Re: [IndexedDB] Spec changes for international language support

2011/3/17 Pablo Castro <Pablo.Castro@microsoft.com>:
>
> From: Jonas Sicking [mailto:jonas@sicking.cc]
> Sent: Tuesday, March 08, 2011 1:11 PM
>
>>> All in all, is there anything preventing adding the API Pablo suggests
>>> in this thread to the IndexedDB spec drafts?
>
> I wanted to propose a couple of specific tweaks to the initial proposal and then unless I hear pushback start editing this into the spec.
>
> From reading the details on this thread I'm starting to realize that per-database collations won't do it. What did it for me was the example that has a fuzzier matching mode (case/accent insensitive). This is exactly the kind of index I would want to sort people's names in my address book, but most likely not the index I'll want to use for my primary key.
>
> Refactoring the API to accommodate for this would mean to move the setCollation() method and the collation property to the object store and index objects. If we were willing to live without the ability to change them we could take collation as one of the optional parameters to createObjectStore()/createIndex() and reduce a bit of surface area...

Unfortunately I think you bring up good use cases for
per-objectStore/index collations. It's definitely tempting to just add
it as a optional parameter to createObjectStore/createIndex.

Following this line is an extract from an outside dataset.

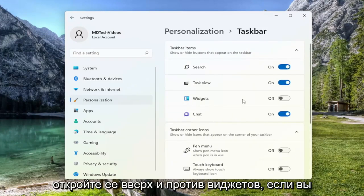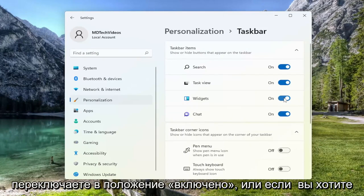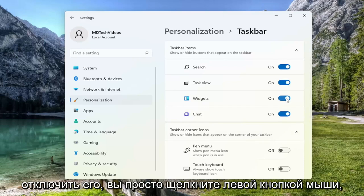And where it says Widgets, if you want to enable or allow for the display of widgets in your taskbar, you toggle it to the on position. Or if you want to turn it off, you just left click on it to toggle it off.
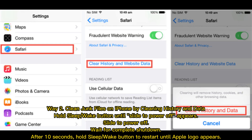Way 2: Clean junk files on iPhone by cleaning history and data. Hold the sleep or wake button until 'Slide to Power Off' appears, slide to power off, wait for complete shutdown. After 10 seconds, hold the sleep or wake button to restart until the Apple logo appears.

The
downside is obviously pushing more complexity onto web developers.
Complexity which will be duplicated across sites.

However there is another problem to consider here. Can switching
collation on a objectStore or a unique index can affect its validity?
I.e. if you switch from a case sensitive to a case insensitive
collation, does that mean that if you have two entries with the
primary keys "Sweden" and "sweden" they collide and thus the change of
collation must result in an error (or aborted transaction)?

I do seem to recall that there are ways to do at least case
sensitivity such that you generally don't take case into account when
sorting, unless two entries are exactly the same, in which case you do
look at casing to differentiate them. However I don't really know a
whole lot about this and so defer to people that know
internationalization better.

> I don't have a strong preference there. In any case both would use BCP47 names as discussed in this thread (as Jonas pointed out, implementations can also do their thing as long as they don't interfere with BCP47).
>
> Another piece of feedback I heard consistently as I discussed this with various folks at Microsoft is the need to be able to pick up what the UA would consider the collation that's most appropriate for the user environment (derived from settings, page language or whatever). We could support this by introducing a special value that  you can pass to setCollation that indicates "pick whatever is the right for the environment's language right now". Given that there is no other way for people to discover the user preference on this, I think this is pretty important.

I would be fine with this as long as it's a explicit opt-in. There is
definitely a risk that people will do this and then only do testing in
one language, but it seems to me like a useful use case to support,
and I don't see a way of supporting this while completely avoiding the
risk of internationalization bugs.

/ Jonas

Received on Friday, 18 March 2011 02:20:04 UTC